On Thursday morning, Aoibheall said to me that she thought the young chickens were big enough to move out to the big chicken house. They're only a month and a half old, but they are fully fledged. I figured that was fair, so when I got home from work I started moving them out of the garage. They've been in the big house since then, and they're getting used to it. This evening, they even meekly walked back into the house from the yard when I brandished the New Blue Broom of Justice (the pipsqueaks had no respect at all when they were living in the garage).

Yesterday, we were all recovered. This was a good thing, as we'd scheduled a visit to the Exploratorium. Badb had said that what she wanted for her birthday party was to go to the Tactile Dome with a couple of friends, but scheduling had been tough. Yesterday was when our schedule and her friends' had opened up.

One friend was going to meet up with us at the Exploratorium and we picked up the other first thing in the morning. We then drove down into Santa Cruz because Aoibheall and I are taking Tai chi on Saturdays. The class meets in a park with some pretty cool play structures (including some awesome looking slides). The girls played in the park while we learned how to stand and twist. That accomplished, we all piled into the car and started driving north.

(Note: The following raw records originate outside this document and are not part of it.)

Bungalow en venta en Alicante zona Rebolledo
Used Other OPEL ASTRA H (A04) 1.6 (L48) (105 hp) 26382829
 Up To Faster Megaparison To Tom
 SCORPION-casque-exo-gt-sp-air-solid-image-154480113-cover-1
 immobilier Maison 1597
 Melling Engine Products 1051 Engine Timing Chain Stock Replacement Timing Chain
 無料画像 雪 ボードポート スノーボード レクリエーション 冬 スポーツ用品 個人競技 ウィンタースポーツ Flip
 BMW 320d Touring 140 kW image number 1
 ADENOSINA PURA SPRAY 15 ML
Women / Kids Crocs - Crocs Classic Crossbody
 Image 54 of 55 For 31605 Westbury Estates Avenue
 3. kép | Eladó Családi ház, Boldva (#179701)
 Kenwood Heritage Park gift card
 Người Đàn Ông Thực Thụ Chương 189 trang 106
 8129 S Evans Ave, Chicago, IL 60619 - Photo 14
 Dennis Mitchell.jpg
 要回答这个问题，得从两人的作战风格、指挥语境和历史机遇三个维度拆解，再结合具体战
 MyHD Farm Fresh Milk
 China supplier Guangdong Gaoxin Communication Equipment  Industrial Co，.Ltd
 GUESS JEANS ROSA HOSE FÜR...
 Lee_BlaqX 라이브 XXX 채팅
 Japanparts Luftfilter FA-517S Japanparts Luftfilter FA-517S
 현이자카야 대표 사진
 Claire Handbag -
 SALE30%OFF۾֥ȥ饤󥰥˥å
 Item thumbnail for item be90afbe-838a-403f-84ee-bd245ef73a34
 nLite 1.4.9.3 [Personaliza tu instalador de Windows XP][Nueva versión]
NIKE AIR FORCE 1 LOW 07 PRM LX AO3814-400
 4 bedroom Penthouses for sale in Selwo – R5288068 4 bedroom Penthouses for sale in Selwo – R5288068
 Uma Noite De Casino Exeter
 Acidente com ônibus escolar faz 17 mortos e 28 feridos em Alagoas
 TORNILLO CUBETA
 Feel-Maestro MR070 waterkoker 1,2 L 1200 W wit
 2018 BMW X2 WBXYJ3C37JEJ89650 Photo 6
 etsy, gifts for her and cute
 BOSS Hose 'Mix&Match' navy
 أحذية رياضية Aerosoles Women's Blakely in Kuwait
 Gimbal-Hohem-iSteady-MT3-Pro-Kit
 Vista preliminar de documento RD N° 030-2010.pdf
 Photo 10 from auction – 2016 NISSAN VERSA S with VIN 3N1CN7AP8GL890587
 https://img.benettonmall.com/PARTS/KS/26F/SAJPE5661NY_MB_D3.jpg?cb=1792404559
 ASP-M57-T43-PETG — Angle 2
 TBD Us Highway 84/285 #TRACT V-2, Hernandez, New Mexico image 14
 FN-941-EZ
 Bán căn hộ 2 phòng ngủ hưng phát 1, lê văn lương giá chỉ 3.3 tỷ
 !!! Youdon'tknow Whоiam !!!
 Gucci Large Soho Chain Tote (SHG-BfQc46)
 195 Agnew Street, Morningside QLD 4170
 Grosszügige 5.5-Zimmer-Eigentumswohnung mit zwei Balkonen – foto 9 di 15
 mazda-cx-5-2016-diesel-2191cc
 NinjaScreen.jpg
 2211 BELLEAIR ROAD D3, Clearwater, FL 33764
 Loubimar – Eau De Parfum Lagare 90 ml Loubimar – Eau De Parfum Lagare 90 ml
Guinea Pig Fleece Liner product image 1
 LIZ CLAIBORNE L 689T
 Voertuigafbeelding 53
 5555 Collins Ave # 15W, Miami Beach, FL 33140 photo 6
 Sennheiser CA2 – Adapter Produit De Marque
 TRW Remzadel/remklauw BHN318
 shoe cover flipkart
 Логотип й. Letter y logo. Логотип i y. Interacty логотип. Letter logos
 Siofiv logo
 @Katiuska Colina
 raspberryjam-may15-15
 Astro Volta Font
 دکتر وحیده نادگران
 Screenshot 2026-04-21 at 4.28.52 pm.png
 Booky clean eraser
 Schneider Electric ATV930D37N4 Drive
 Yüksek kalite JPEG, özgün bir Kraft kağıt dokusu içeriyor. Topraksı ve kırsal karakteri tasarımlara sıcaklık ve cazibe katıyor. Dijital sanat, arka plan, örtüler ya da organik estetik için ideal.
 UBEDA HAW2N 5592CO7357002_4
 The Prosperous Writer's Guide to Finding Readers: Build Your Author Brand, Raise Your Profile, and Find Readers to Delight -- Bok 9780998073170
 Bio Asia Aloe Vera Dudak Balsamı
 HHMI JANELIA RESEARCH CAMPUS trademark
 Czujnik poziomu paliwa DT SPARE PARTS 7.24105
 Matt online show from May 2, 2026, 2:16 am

We picked up some fruit and lunch stuff at a Whole Foods on the way. We made it to the Exploratorium in plenty of time - we had half an hour to wander around before our 1:45 appointment in the Tactile Dome. We ended up with four adults, one teenager, and four little kids. Unlike last summer when we went to the Exploratorium for Camp Guel Guaynat, we felt little pressure to keep track of everyone. Our ratios were better and everyone had a wonderful time. At closing time we all went out to get a lovely dinner at Pluto's. Everyone was well-fed, although we were all pretty tired from a long day of doing things.

The weather was fabulous. It was warm and sunny, even in San Francisco. We are so suggestible. We came home and made mojitos and watched SpongeBob Squarepants episodes with the kids. (The choice of video was influenced by the zither music from The Third Man - almost at the end of watching that movie, Aoibheall said, "I know why we know that music - it's the same as the background music for SpongeBob!")

The weather was warm and clear again today. I'm back to my spring haircut (I'm sure my Uncle Chuck approves) and Aoibheall cleaned it up this morning. Then we had a big breakfast and got ready to tackle all our piled up chores. The girls needed haircuts and we had the grocery shopping to do. While I was doing the groceries, the girls were getting haircuts and Aoibheall walked through the Cost Plus next to the SuperCuts. We decided that with the beautiful weather we were going to have dinner outside. Well, to do that right we needed a few things. Our patio furniture is plastic and is on the verge of collapse. Cost Plus had some swell chairs and some enamelware that we decided would be perfect for outdoors. We had sangria, limeade, and tostadas out on the deck.

When I took out the compost after dinner, I saw that we'd trapped a rat. Hurrah! Another opportunity for Dagmar and Esme to show their valor! Aoibheall and I set up on the deck with brooms and we brought out the dogs. Dagmar was intensely interested in the rat, who set to squealing as soon as the dogs appeared. Esme decided that she, too, was intensely interested but wanted to be interested from about 15 feet away. Deep defense, I guess. Aoibheall used her broom to open the trap and the rat came scurrying out. It dashed across the deck with Dagmar in pursuit, but our doggie is still not the killer we've been hoping for. The rat got away and fled up the hillside.

Vermin: 3
Dogs: 3

Oh, and speaking of vermin, Oswald has been getting better at hunting. Unfortunately, he's upgraded from moths to bats. I appreciate his enterprise and want to encourage his Hemingway spirit, but I do wish he'd pick on critters that I'd be happier without. We've got plenty of bugs; I like the bats. If only he'd cooperate with the dogs and do something about these rats.